What can be done to increase the likelihood of a happy outcome on both the human and financial sides of the sale? I’d like to share a quick summary of four strategies Erwin and I outlined for the broadcast industry publication.
1. Plan Ahead—Way Ahead—For Life After the Closing. The sooner the founders of a family business can clarify the ultimate destiny of their business, the better. If the guiding intent is to sell the business, there are steps that should be taken long before the actual exit. Some of these are of a strictly business character. However, there are also early preparations that are particular to dealing with a family business – and these can be critical to the family’s welfare. Those family members deeply involved in the business must confront the question of “What am I going to do with the rest of my life?” We have too often seen a founder’s adult children, in particular, left adrift when they are effectively “laid off” following the sale of the business. Even with immediate financial rewards from a sale, the second generation is often left ill-prepared to find a new way to achieve an independent sense of competency and self-esteem in a competitive economy.
For founders as well as their children, preparing for a long and fulfilling life without the business requires forethought and groundwork. Being prepared for “life post-sale” can’t be put off until after the closing of the deal. If possible, it should be a thread in planning and thinking for years in advance.
2. Bring the Whole Family into the Process. It’s clear that the sale of a business will affect the future of the entire family, as individuals and as a group. Often, business founders are conscious of this and give considerable thought to making the change work for them, their spouses, their children, and their grandchildren. Leading up to a sale, investment bankers, estate planners, and tax accountants provide essential help in trying to maximize the wealth generated from the sale and passing it on efficiently to later generations.
This planning process often involves only the founders (and, perhaps, their spouses). Assumptions are made about what will be best for the children – even if these children are adults with children of their own! This approach often leads to unintended consequences. For instance, children who are not consulted may wind up feeling betrayed by the sale of a company that they very much wanted to manage into the next decade, if not the next generation. Siblings can become resentful when one becomes a trustee with broad authority over trusts created from sale proceeds benefiting their sisters or brothers. All the members of the family may wonder how the sale will affect their relationships, especially if some have been working together at the company.
Ultimately, only the owners have authority to make decisions about the sale of their business, its timing, and its form. However, understanding the aspirations and anxieties of other family members whose lives will be changed forever by the transaction can make the process far more satisfactory for all involved. It also strengthens the family relationship to act in an inclusive and respectful manner. Whether it’s done one-on-one or through larger “family council” meetings, the value of inclusively and respectfully giving family members input over their own fate is inestimable.

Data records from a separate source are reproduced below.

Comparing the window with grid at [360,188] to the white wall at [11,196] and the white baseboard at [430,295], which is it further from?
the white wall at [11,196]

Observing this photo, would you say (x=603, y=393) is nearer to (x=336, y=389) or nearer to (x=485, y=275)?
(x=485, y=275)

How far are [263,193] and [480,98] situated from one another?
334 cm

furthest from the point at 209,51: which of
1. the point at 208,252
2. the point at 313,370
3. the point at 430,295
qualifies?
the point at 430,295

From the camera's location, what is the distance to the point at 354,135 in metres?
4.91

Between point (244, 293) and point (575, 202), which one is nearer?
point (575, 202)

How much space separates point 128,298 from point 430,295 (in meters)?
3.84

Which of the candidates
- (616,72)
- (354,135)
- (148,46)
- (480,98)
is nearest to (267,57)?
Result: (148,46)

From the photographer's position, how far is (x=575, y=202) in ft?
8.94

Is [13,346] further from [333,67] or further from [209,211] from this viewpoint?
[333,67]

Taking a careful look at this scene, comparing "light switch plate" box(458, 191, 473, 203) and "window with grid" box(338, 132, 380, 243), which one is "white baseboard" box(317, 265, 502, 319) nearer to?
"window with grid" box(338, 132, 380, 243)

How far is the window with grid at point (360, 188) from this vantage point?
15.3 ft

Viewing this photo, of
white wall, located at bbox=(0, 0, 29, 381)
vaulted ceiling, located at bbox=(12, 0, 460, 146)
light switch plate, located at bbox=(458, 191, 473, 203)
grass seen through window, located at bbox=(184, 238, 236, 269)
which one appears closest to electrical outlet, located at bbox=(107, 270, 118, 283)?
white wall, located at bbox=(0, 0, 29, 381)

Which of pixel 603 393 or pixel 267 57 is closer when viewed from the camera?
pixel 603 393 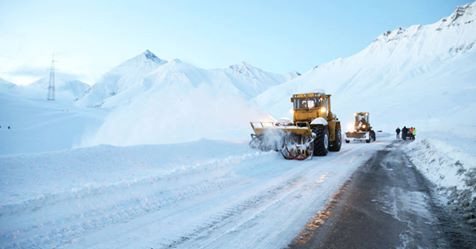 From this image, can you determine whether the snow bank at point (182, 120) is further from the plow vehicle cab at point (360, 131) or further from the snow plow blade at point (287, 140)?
the plow vehicle cab at point (360, 131)

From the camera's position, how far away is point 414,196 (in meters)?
6.54

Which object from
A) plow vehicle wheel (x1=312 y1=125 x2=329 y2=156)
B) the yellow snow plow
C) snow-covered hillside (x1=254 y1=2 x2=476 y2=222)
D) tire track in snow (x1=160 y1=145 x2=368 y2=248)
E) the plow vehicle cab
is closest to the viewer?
tire track in snow (x1=160 y1=145 x2=368 y2=248)

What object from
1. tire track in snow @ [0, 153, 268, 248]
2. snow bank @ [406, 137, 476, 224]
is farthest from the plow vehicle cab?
tire track in snow @ [0, 153, 268, 248]

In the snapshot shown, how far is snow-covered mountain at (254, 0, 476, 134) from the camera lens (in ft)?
250

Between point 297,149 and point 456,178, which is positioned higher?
point 297,149

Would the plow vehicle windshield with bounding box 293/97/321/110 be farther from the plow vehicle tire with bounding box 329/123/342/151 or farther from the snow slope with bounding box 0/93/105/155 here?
the snow slope with bounding box 0/93/105/155

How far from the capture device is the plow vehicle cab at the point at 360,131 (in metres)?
27.0

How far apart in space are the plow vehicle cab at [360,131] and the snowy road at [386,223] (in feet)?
67.1

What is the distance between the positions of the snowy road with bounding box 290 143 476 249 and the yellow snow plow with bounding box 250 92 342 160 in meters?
5.22

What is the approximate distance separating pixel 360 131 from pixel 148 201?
2487 centimetres

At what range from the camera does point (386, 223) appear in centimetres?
480

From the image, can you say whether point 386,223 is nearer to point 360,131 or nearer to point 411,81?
point 360,131

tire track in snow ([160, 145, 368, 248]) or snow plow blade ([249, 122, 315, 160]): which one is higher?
snow plow blade ([249, 122, 315, 160])

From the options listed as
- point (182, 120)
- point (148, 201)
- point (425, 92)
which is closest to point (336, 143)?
point (182, 120) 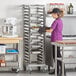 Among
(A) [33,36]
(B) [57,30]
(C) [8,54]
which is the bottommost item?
(C) [8,54]

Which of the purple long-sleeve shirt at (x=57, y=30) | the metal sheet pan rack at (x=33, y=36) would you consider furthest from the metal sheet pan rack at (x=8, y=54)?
the purple long-sleeve shirt at (x=57, y=30)

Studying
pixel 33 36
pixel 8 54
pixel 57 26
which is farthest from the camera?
pixel 33 36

3. Create a New Focus for Family Life. For many families who own businesses, the business is the stabilizing force that holds the family together and defines their relationships. It’s often difficult for them to disentangle their relationships as son and business subordinate or sister and shareholder. Even if family members haven’t worked directly in the business, they are likely to have heard stories and talked about it at the dining room table for much of their lives.
Many founders of family businesses were initially motivated by the desire to create a close family that not only would live together but work together as well. The sale of the business can undermine that goal unless a new focus for family attention and activity is created to replace the business. This could take the form of a family foundation, a vacation home, shared and managed by the family as a whole, or a formal Family Council that gives broad attention to philanthropy, recreation, and shared investments.
4. Get Professional Help. Selling a family business is most likely a once-in-a-lifetime proposition, which, like any other unfamiliar and important exercise, often demands expert assistance. The team of experts gathered might be comprised of familiar players, including attorneys, bankers, accountants, financial planners, investment advisors, and others.
Importantly, there is another professional advisor that should be considered to help deal with the often unspoken hopes and fears of the family. Family Business Consultants help develop long-term plans for the family in multigenerational firms, navigate critical changes like the sale of a business, and create and sustain family institutions that can provide mutual support and satisfaction even after the business is sold. A practical resource for locating such a family business specialist is their professional organization, the Family Firm Institute, based in Boston, MA.